Low-load resistance training promotes muscular adaptation regardless of vascular occlusion, load, or volume - Springer
So, 1 set unoccluded will get the job done.
-------------
So, to review (and add some thoughts):
• Low load and high load both increase muscle size.
• Low load with low volume (just 1 set) has this effect. NOTE that this single (or two at higher volume Tiers) set in Fortitude Training is in the context of the rest of the week's training, as well. Volume is adjustable.
• The muscle need not be occluded (ala BFR) to have this effect.
• Low load increases muscle endurance (See the Mitchell et al. study) to a greater extent than higher load training. This will carry over into Loading sets and MR's and give you the ability to get more reps with a given load (and do more work in training, and likely get a greater EPOC, etc.)
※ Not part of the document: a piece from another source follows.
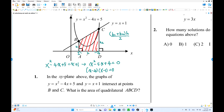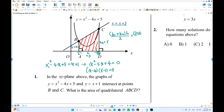The height h equals 3 (difference of x values). For b1, put x equals 1 into the linear equation: 1 plus 1 equals 2, so b1 is 2. For b2, put x equals 4: 4 plus 1 equals 5, so b2 is 5. Using the trapezoid area formula: (b1 plus b2) times height divided by 2 equals (2 plus 5) times 3 divided by 2 equals 21 over 2 equals 10.5.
• Also, the lighter loads allow for:
-Using exercises that don't lend themselves to heavier load training (machines, cable, etc.), which adds variety.
-Ease the stress on joints
-Add variety with the Pump set strategies, which is also a point of varying the overall stimulus / stress of training (depending on how hard you push on the Pump sets).
-Have training that's intuitive / fun.
-And get a nice pump, which you gotta dig.